Выпуск снаряда, которым были убиты 68 человек, немедленно приписали сербам, и с подозрительной скоростью заработала машина ультиматумов: 7 февраля Евросоюз потребовал немедленного снятия осады Сараево, 8 февраля США предъявили ультиматум о выводе сербской артиллерии из его окрестностей, на следующий день, 9 февраля, уже НАТО выдвинул требование о выводе сербских тяжелых вооружений за пределы 22-мильной зоны — разумеется, под угрозой бомбардировок. Такая скорость не оставляла даже времени на расследование инцидента; стало быть, хотя бы с тенью «презумпции невиновности» для сербов было покончено, а журналист Первого канала французского телевидения Бернар Волкер, сразу сообщивший, что «мусульманская артиллерия стреляла в свой народ, чтобы спровоцировать вмешательство Запада», подвергся грубому остракизму и только через два года выиграл в Париже судебный процесс о защите своей чести и достоинства.
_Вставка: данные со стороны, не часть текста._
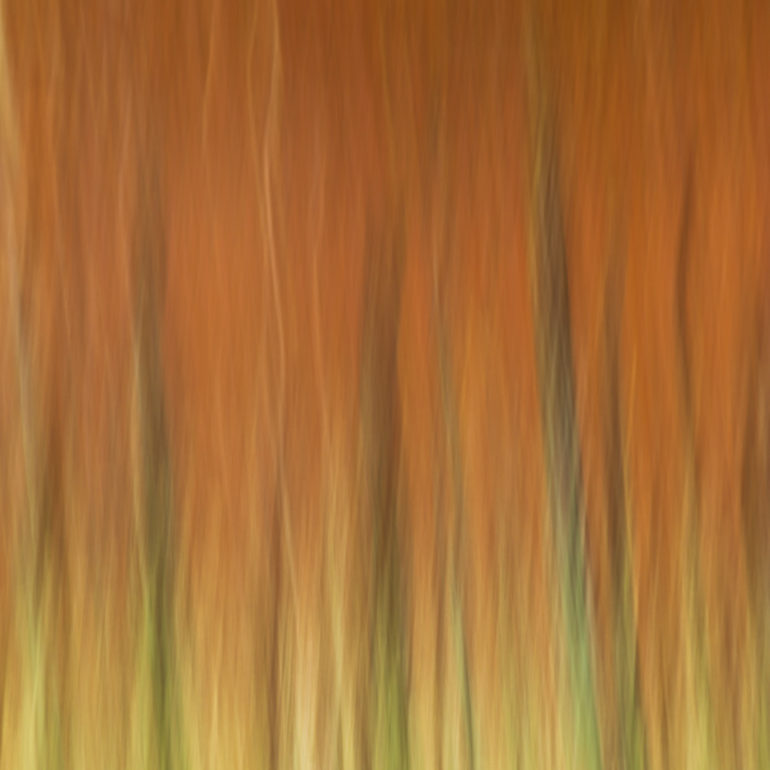 Sangram Kachwaha Photography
Между прочим, в своем письме Волкер цитировал и Франсуа Миттерана: «Несколько дней назад господин Бутрос Гали [855] сказал мне, что он уверен: снаряд, упавший на сараевский рынок, был мусульманской провокацией». Законно возникает вопрос: чего стоит ООН, Генеральный секретарь которой не считает нужным остановить опасное развитие событий, ставшее следствием провокации, да и о самой провокации говорит лишь конфиденциально, а не urbi et orbi? Уже одно это может считаться концентрированным выражением новой ситуации, утверждавшейся с концом ялтинско-потсдамского миропорядка.
Сообщение Волкера канал ТФ-1 передал примерно за двое суток до истечения ультиматума НАТО боснийским сербам. В тот же день Волкер сообщил, что информация передана и Бутросу Гали, который, однако, не обнародовал ее из соображений «высокой политики». По тем же соображениям молчанием встретили американские СМИ это сообщение, переданное также и агентством «Ассошиэйтед пресс».
А имеющий репутацию «сербоненавистника» лорд Оуэн позже писал: «Люди из окружения Роуза [856] никогда не скрывали: он говорил мусульманским лидерам, что именно он получил информацию, указывающую, что снаряд был выпущен не из района, подконтрольного сербам, а из мусульманской части города». Но, откровенно продолжает лорд Оуэн, «сегодня вопрос о том, кто выпустил снаряд по Маркале, не имеет политического веса, который имел два года назад, когда он был поводом для ультиматума НАТО, а затем и для бомбежки боснийских сербов» [857].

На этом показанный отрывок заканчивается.